Ciasto ucierane makowe z kremem budyniowym...

makowiec biszkoptowy z kremem

 Przepis przenoszony ze starej strony bloga. Powiem tylko tyle, że ciasto jest świetne nie tylko na święta. Ja je piekłam również rok temu z okazji Dnia Dziecka do przedszkola. Znikało w ekspresowym tempie...

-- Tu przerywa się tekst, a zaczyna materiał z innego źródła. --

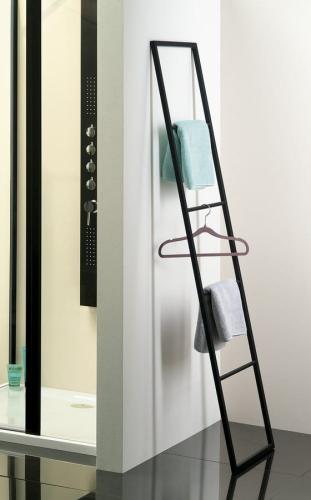 Wieszak drabinka na ręczniki 42 x 170 x 20 cm czarny mat SKA SKA551 Sapho wizualizacja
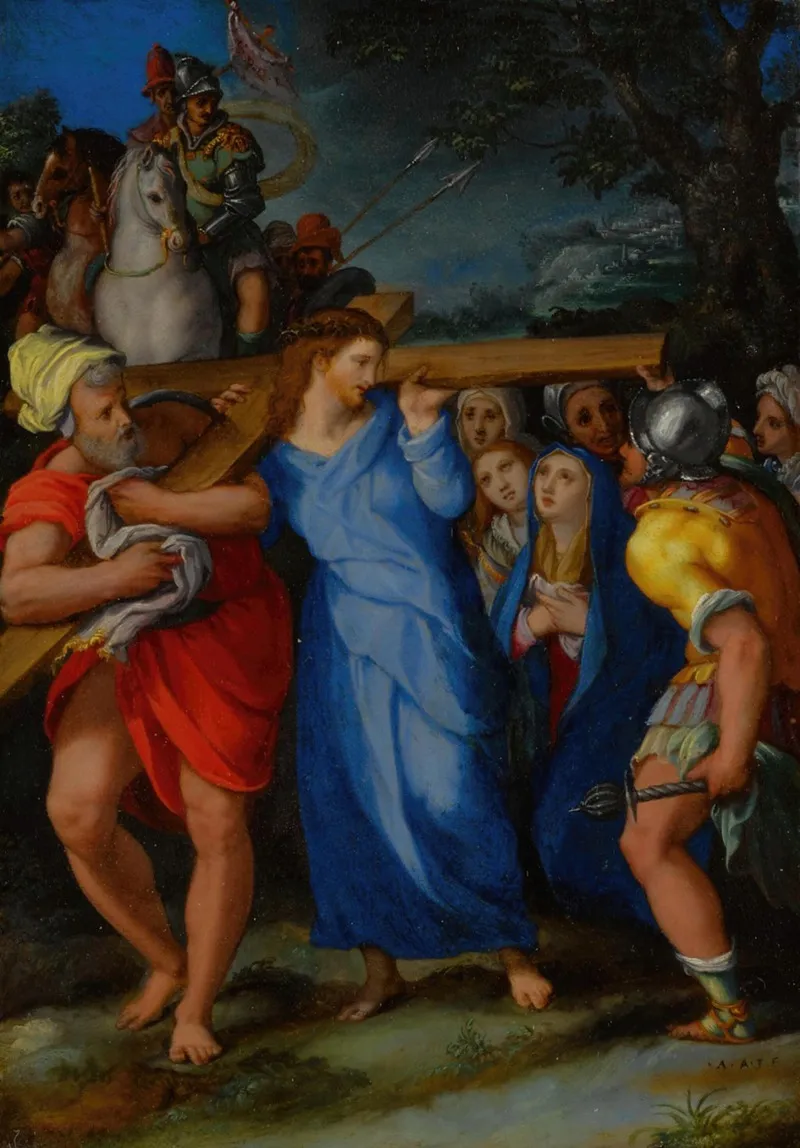 Christ Carrying The Cross 38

Święta wędrują do nas wielkimi krokami. Powoli sięgamy po bombki, choinki, domy wypełniamy bożonarodzeniowymi światełkami.... zapalamy świece, zanurzamy się w zapachu pieczonych ciast.
Chowamy po kątach prezenty i wysyłamy kartki z życzeniami.
Te ciasto idealnie nadaje się na świąteczny stół. Masa makowa zatopiona w delikatnym, piaskowym biszkopcie. Krem budyniowy i czekolada... Polecam. Dla odmiany, zamiast tradycyjnej strucli czy makowca.

Ciasto makowe z kremem:
Ciasto:
szklanka mąki pszennej,
pół szklanki mąki ziemniaczanej,
szklanka cukru,
6 jaj,
2 łyżeczki proszku do pieczenia,
sok i otarta skórka z cytryny

Krem migdałowy:
20 dkg masła,
pół szklanki cukru pudru,
2 opakowania budyniu waniliowego,
2 łyżki cukru,
2 szkl mleka,
5 dkg zmielonych migdałów

Masa makowa (przygotowana według własnego ulubionego przepisu lub - ja jak bardzo się spieszę - z puszki)

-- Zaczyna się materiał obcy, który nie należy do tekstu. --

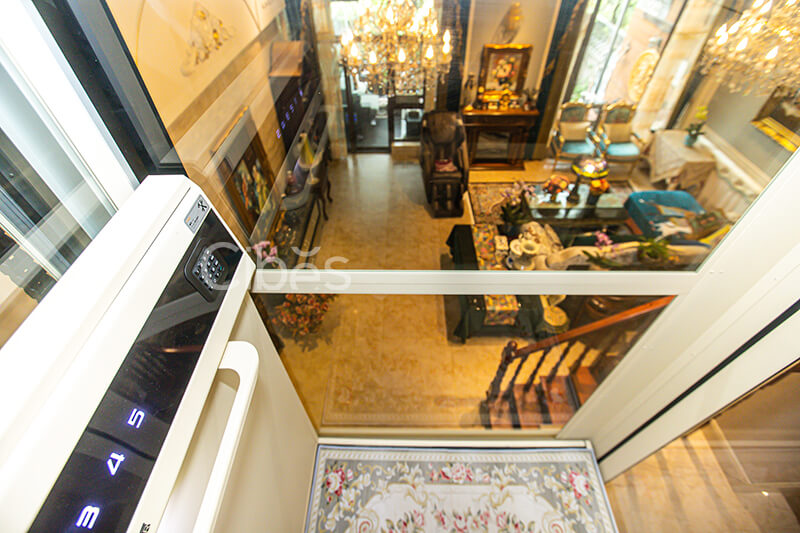 Cibes 5层5站家用电梯案例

   Oddzielić białka od żółtek, białka ubić ze szczyptą soli na pianę (dobrze pod koniec ubijania dodać 2 łyżki cukru). Żółtka utrzeć z cukrem oraz sokiem i skórką z cytryny na puszystą masę, delikatnie (łyżką drewnianą lub trzepaczką rózgową) połączyć z pianą, a potem z dosypywaną porcjami jedną i drugą mąką, wymieszaną z proszkiem do pieczenia.
Ciasto wlać do formy wyłożonej papierem do pieczenia (spora blacha), przykryć równą warstwą masy makowej (ja kładę łyżkami), wstawić do piekarnika nagrzanego do 200 stopni i piec ok 45 minut.

Zagotować 1,5 szkl mleka z cukrem, zdjąć z ognia i wymieszać z budyniem rozprowadzonym pozostałym mlekiem i z migdałami, ponownie zagotować.
Masło utrzeć z cukrem pudrem na masę i - ucierając - dokładać porcjami zimny budyń.
Ciasto posmarować kremem.

makowiec biszkoptowy z kremem

Do kremu można dodać odrobinę amaretto lub innego likieru (waniliowy, rum a nawet wódki).
Wierzch ciasta polać czekoladą (gotowa czekolada do ciast zwykle jest zbyt twarda po zastygnięciu i ciasto źle się kroi. Ja, do topionej masy, dodaję trzy, cztery łyżki mleka), albo posypać płatkami migdałowymi.